The growth isn't limited to one studio. Divinity Dance Center expanded from a single room to three in 2021, adding two contemporary-focused instructors. A third studio, Falls City Dance Project, launched in 2022 specifically for pre-professional training. All three now send students annually to regional Youth America Grand Prix (YAGP) competitions and National Dance Honors conventions—events that, until recently, drew almost exclusively from San Antonio and Austin studios.
Three Dancers, Three Different Paths
Ava Martinez: "She Makes You Feel Like You're Watching Something Private"
Ava Martinez, 16, started in Vega's recreational tumble-tots class at age four. By middle school, she was commuting twice weekly to San Antonio for additional training with choreographer Dylan Reyes, a former Hubbard Street Dance Chicago ensemble member.
Her breakthrough came last March, when her solo "Bruise"—choreographed by Reyes—won the contemporary senior division at the 2024 Youth America Grand Prix Houston regional semifinals. Martinez became the first Falls City dancer in five years to advance to the YAGP finals in New York.
"There's something in Ava's stillness," Reyes said. "Most young dancers fill every beat. She lets silence do the work. That's rare at 16."
This August, Martinez departs for the Ailey School's summer intensive—another first for Falls City in half a decade.
Ethan Nguyen: The Gymnast Who Can't Stop Levitating
Ethan Nguyen, 17, trained competitively in gymnastics until age 13, when a wrist stress fracture ended his vaulting career.
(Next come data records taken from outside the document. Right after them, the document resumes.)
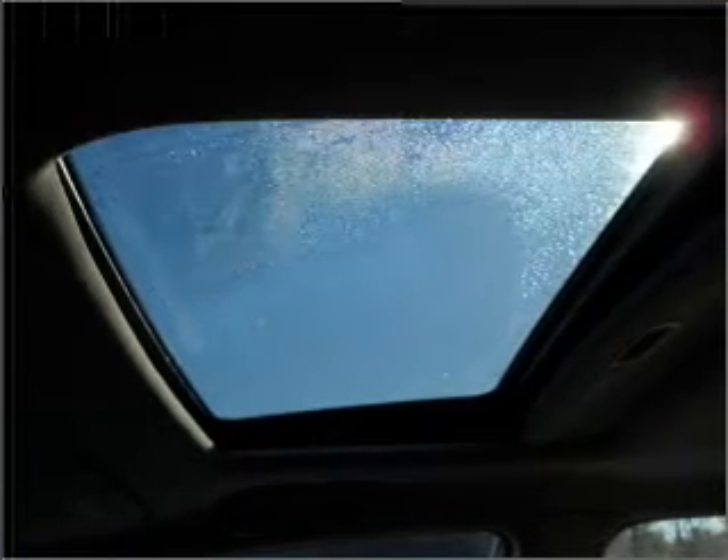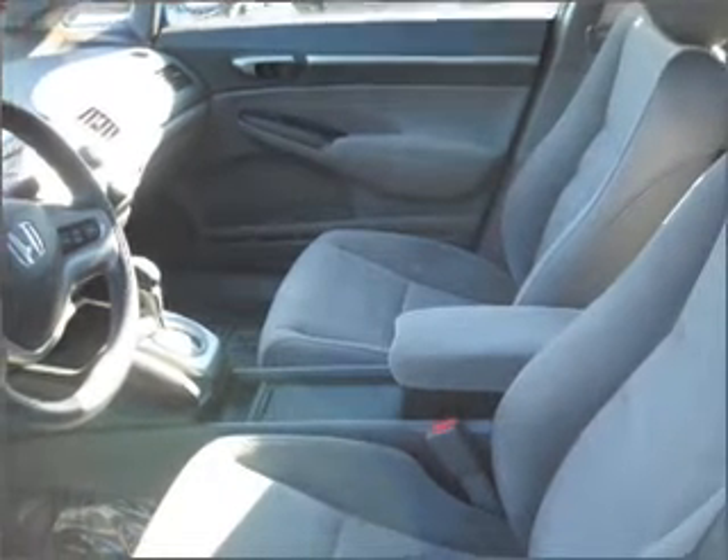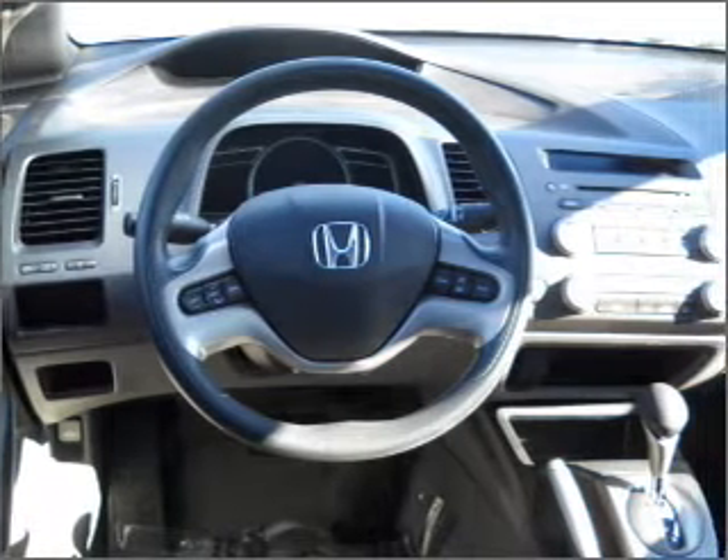Air conditioning, power door locks, power windows, power steering, cruise control, power mirrors, an alarm system, an AM-FM stereo with a CD player. Call today to schedule a test drive.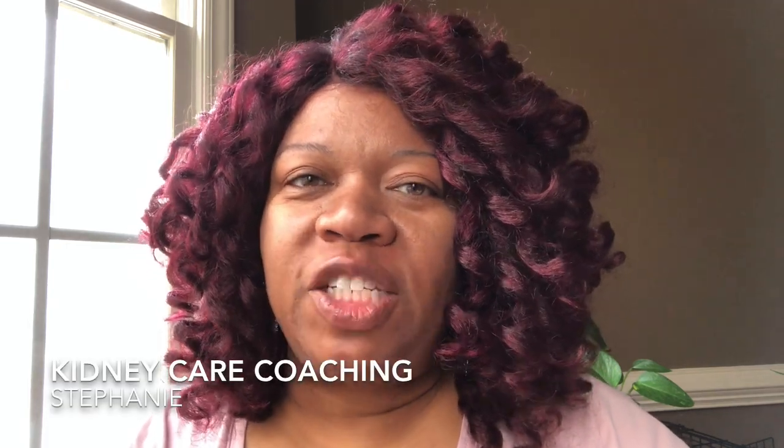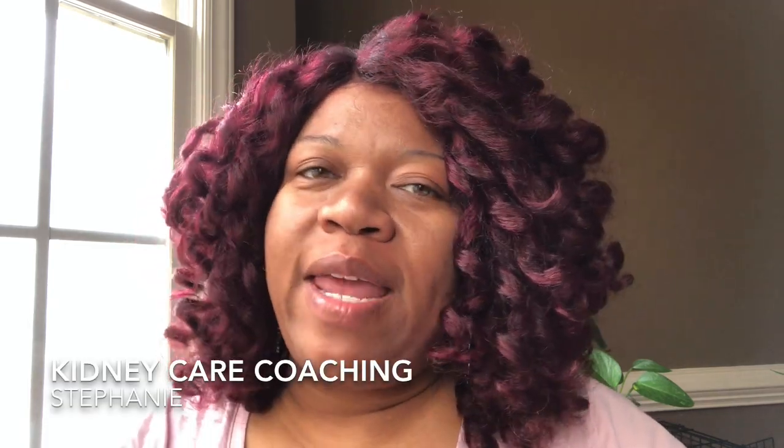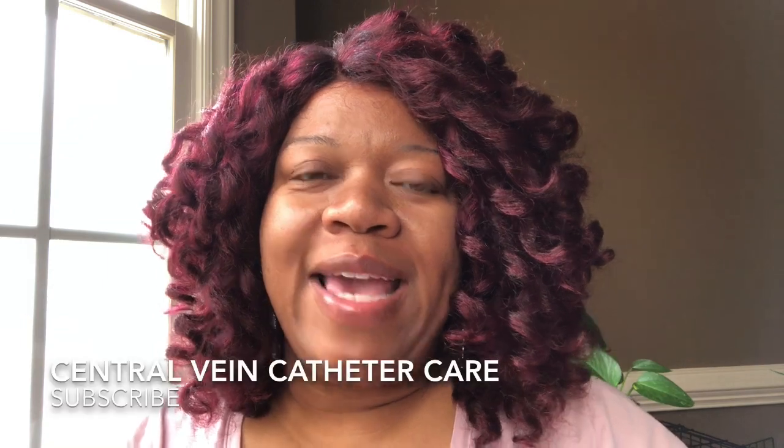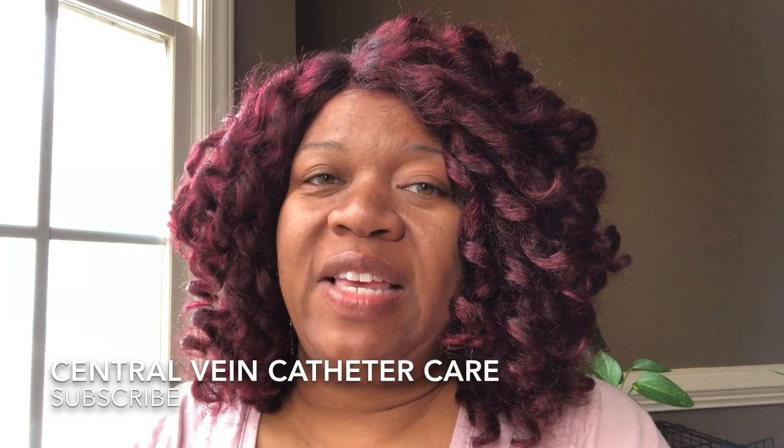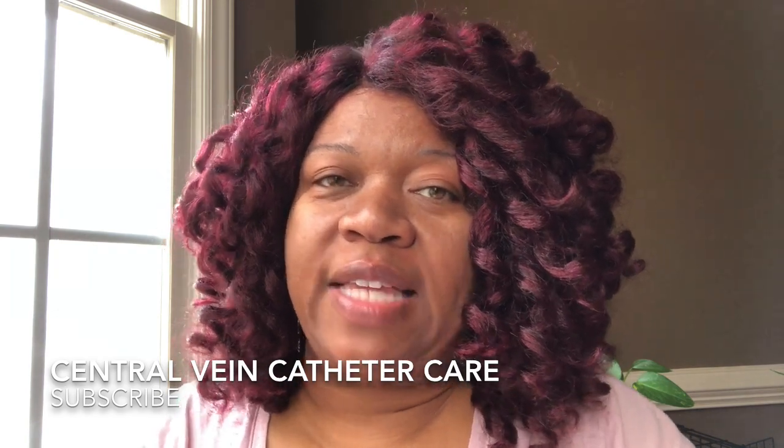Good morning, YouTube. Welcome back to my channel, Kidney Care Coaching. My name is Stephanie McCollum. In today's video, I'm going to discuss the do's and don'ts of CVC care — the central venous catheter.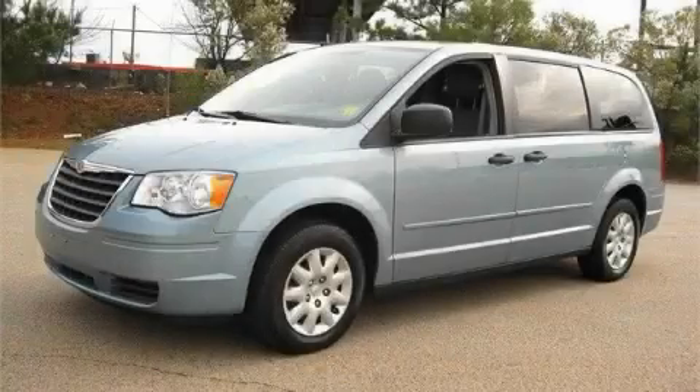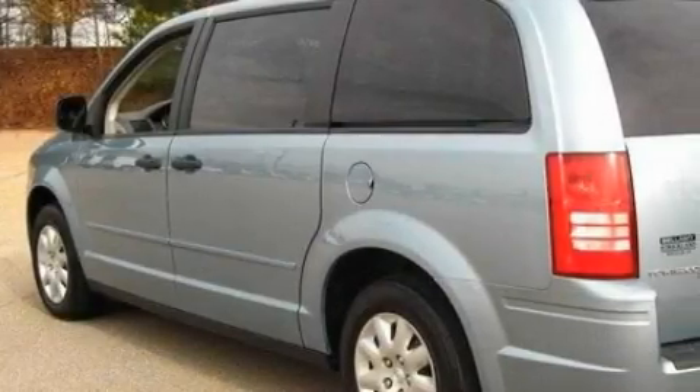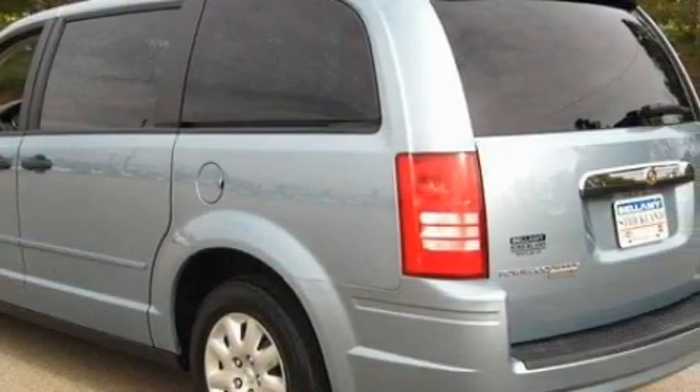This is a 2008 Chrysler Town & Country designed with features that accommodate. Among the many superb features on this Chrysler there are front power windows, air conditioning, and a CD player.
His mother, a pediatric nurse at Falls City Medical Clinic, enrolled him in a boys' hip-hop class at Divinity Dance Center mostly for "something to do while he healed."
Within two years, Nguyen had transitioned to contemporary and developed a signature move: a straddle press to handstand that he can initiate from stillness and land directly into a rolling floor sequence—technique drawn directly from his gymnastics background.
"Coaches kept telling me to lose the 'gymnast habits,'" Nguyen said. "But my contemporary teacher, Ms. [Lisa] Ortega, told me to weaponize them. No one else here can do what I do with inverted entries."
In January, Nguyen placed first in contemporary at the 2024 Dance Awards regionals in Dallas. He has committed to the University of Arizona's B.F.A. in Dance program, which he will enter this fall.
Isabella Torres: Ballet's Discipline, Contemporary's Rebellion
Isabella Torres, 15, represents a different pipeline entirely. She trains six days per week at the San Antonio Ballet School, a Vaganova-method academy, and takes contemporary privately with Falls City Dance Project founder James Nakamura, a former Paul Taylor Dance Company member who relocated to rural Texas during the pandemic.
Torres's 2024 solo "Requiem for a Wooden Shoe"—a fusion piece set to Arvo Pärt that opens with 32 fouettés and dissolves into release-based floor work—earned her a scholarship to the Boston Conservatory's summer intensive and a featured spot in the National Honors Performance Series at Carnegie Hall next spring.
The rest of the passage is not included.